Segwit vs Non-segwit block

Opponents of Segwit cite the complexity of the upgrade as one of the main concerns. On top of that, the lack of importance the signature carries when on in a separate blockchain concerns some because this entices nodes to drop the signature altogether, resulting in the need for specialized nodes to store the signature data. Ultimately, this leads to the opposite of the decentralized network envisioned by Satoshi as these nodes would be few and would need to be trusted to hold such important data.


Increasing the Block Size — Structural Change

credit: newsbtc.com

Nowhere does it say that you cannot implement an increased block size to the bitcoin process. Indeed, there has been a proposal to increase the size to 2 MB from 1 MB. Unlike Segwit, this would require a hard fork of the blockchain.
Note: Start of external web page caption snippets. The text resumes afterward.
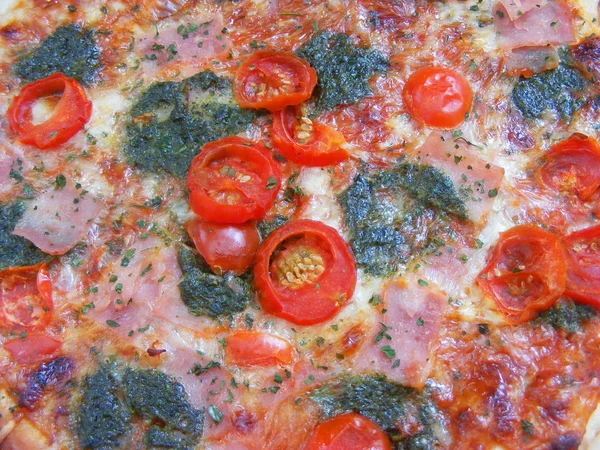 Uma Imagem Perto Fundo Pizza — Fotografia de Stock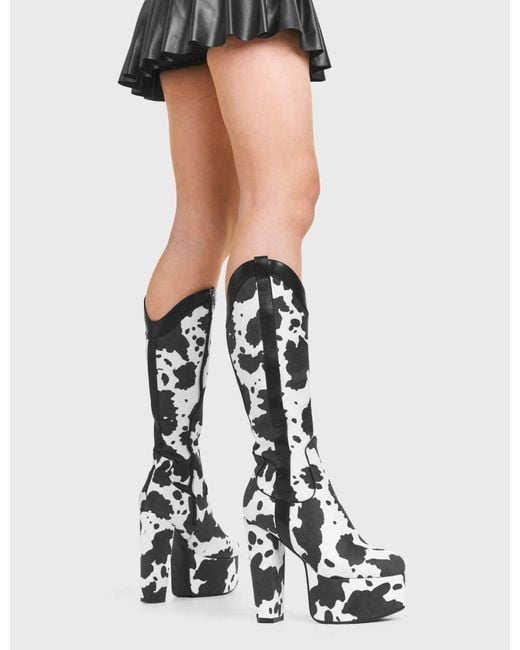 Lamoda Black Cowgirl Platform Knee High Boots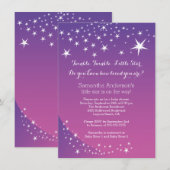 Modern Paarse Star Baby shower Invitation Kaart (Voorkant / Achterkant)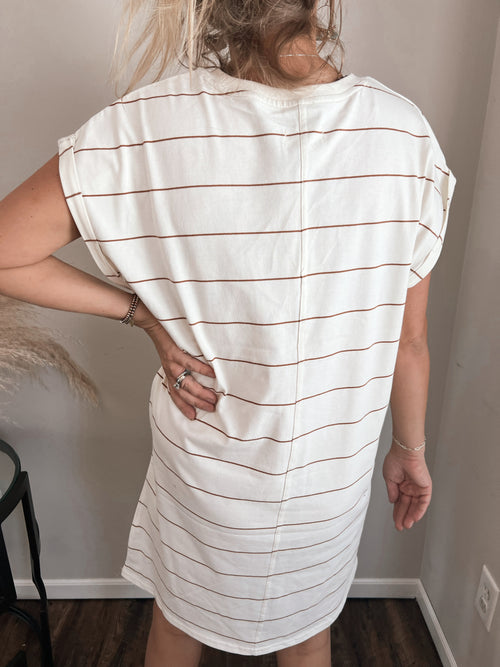 Rue Dress in Ivory & Brown Striped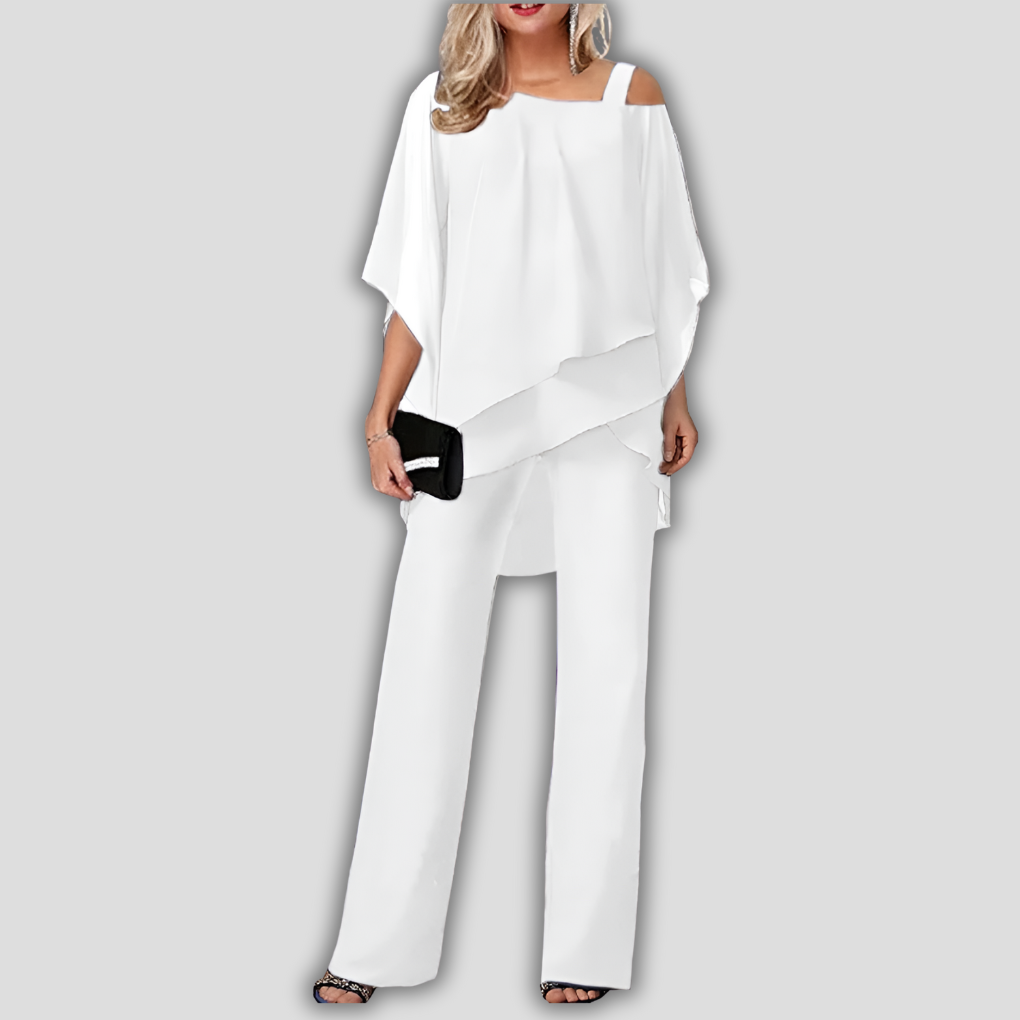 Eleganter zweiteiliger Chiffon-Hosenanzug mit mehrlagigem Cape-Oberteil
Since the time it takes to verify a block is based off the difficulty of the mathematical puzzle solved in mining, increasing the block size will increase the amount of transactions per block and transactions per second.
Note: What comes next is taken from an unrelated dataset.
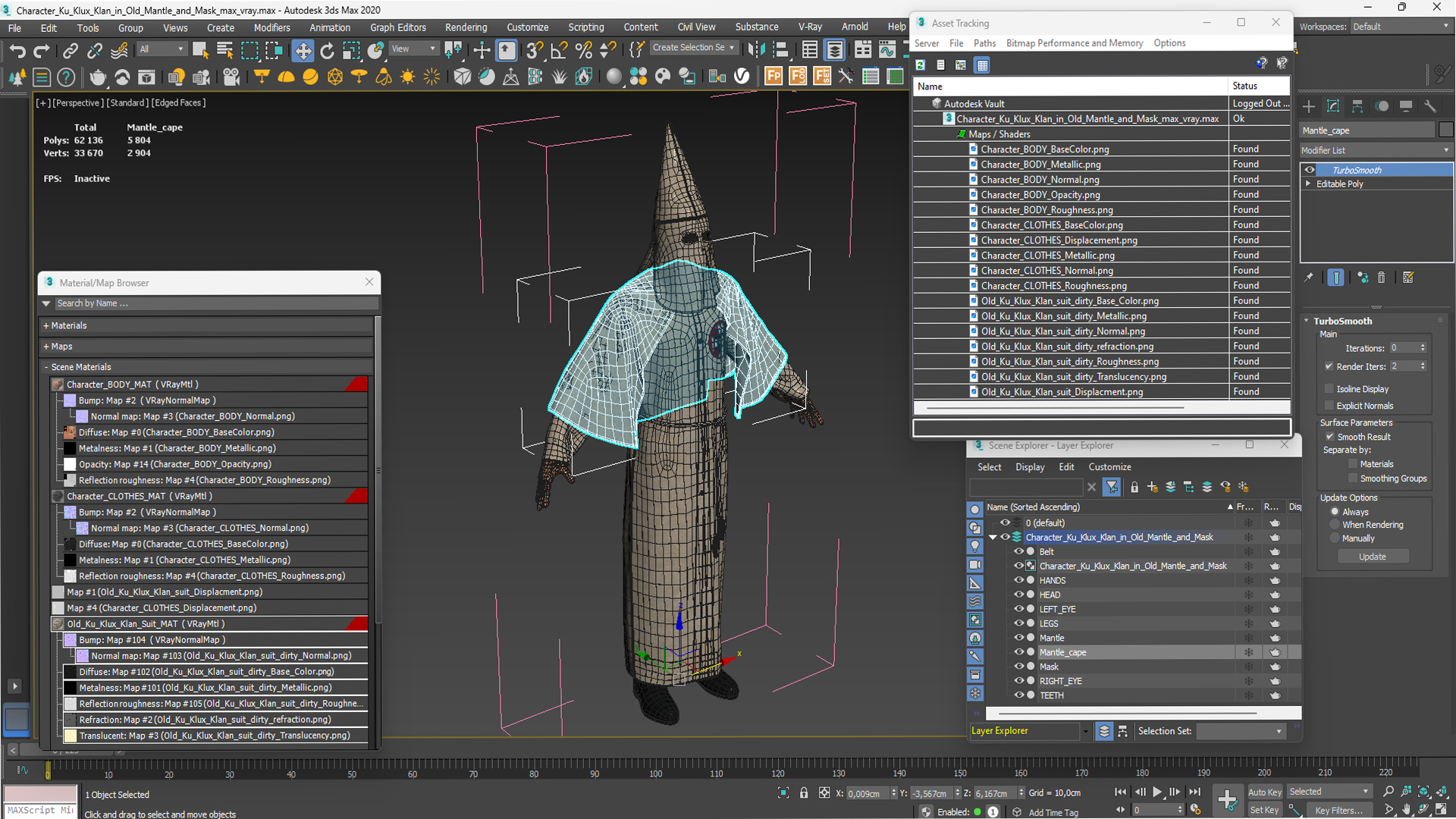 3D model Character Ku Klux Klan in Old Mantle and Mask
Some downsides/contentions to this solution include:

  • increased user fees (larger blocks require more mining resources)
  • if mass, worldwide adoption of blockchain occurs, increasing block size is irrelevant in supporting the amount of future transactions
  • full nodes become more costly to operate, leading to less individuals with full nodes and an increase in centralized hashing power

Off Chain — The Lightning Network

credit: http://bitcoinist.com/

We are not limited to changing the blockchain in order to tackle the scalability problem. Introducing methods that interact with the main blockchain are feasible as well. Joseph Poon and Tadge Dryja conceptualized the Lightning Network (LN) as a second layer to be built on top of the current bitcoin network.

In essence, the lightning network is a micro-payments system in which the meat of transactions is handled off the main blockchain.

Imagine you’ve made your millions trading cryptocurrencies and now like to spend your time at bars. The lightning network would be akin to opening a tab at one of these bars. Opening your tab is like beginning a transaction. Now, you can transact as many times as you need until you are finished. Once finished, the final, net change from the transactions is broadcast to the main blockchain.

Final transaction data being broadcast to main chain

Possible cons to such an upgrade:

  • lower fees — this may seem counter-intuitive, but bitcoin is currently sustained by fees paid to miners. Low enough fees pose a threat to the incentive for mining, possibly undermining Bitcoins usability.
  • less transparency — since the LN broadcasts the net effect, you will not see “every” transaction, reducing transparency. Five separate charges of .01 may be broadcast as one single charge of .05.